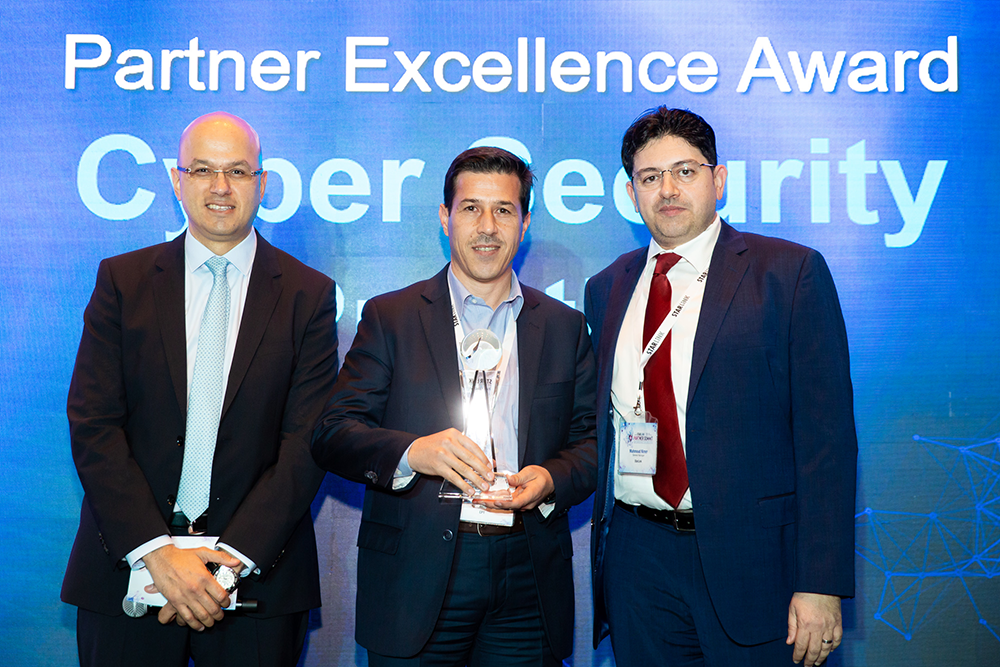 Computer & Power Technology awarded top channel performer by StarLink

...

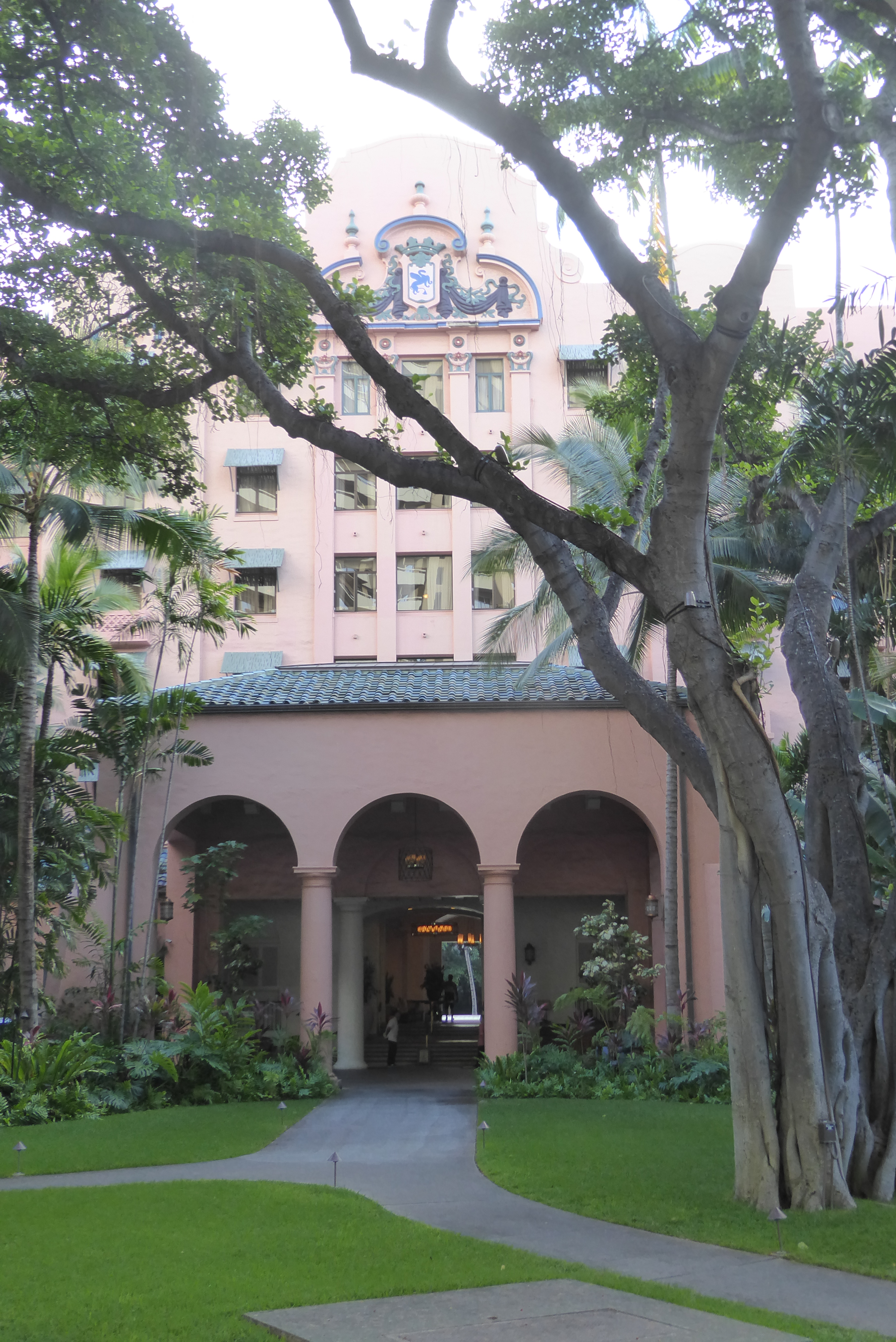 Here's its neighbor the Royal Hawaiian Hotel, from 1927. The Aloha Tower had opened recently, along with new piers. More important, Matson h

--

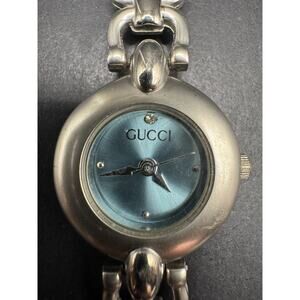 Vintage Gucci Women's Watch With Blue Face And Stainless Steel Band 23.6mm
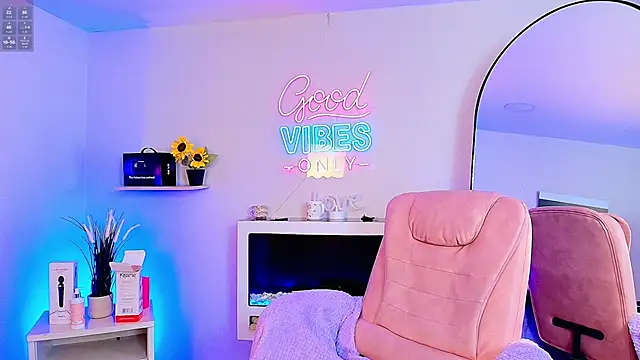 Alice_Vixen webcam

→ **Problem description**
From the records above, give again only the part that opens with the line containing "Vintage Gucci Women's" and closes with the line containing "Alice_Vixen webcam". Keep both ends but drop the pictures.

→ **Reply to the task**
 Vintage Gucci Women's Watch With Blue Face And Stainless Steel Band 23.6mm
 Alice_Vixen webcam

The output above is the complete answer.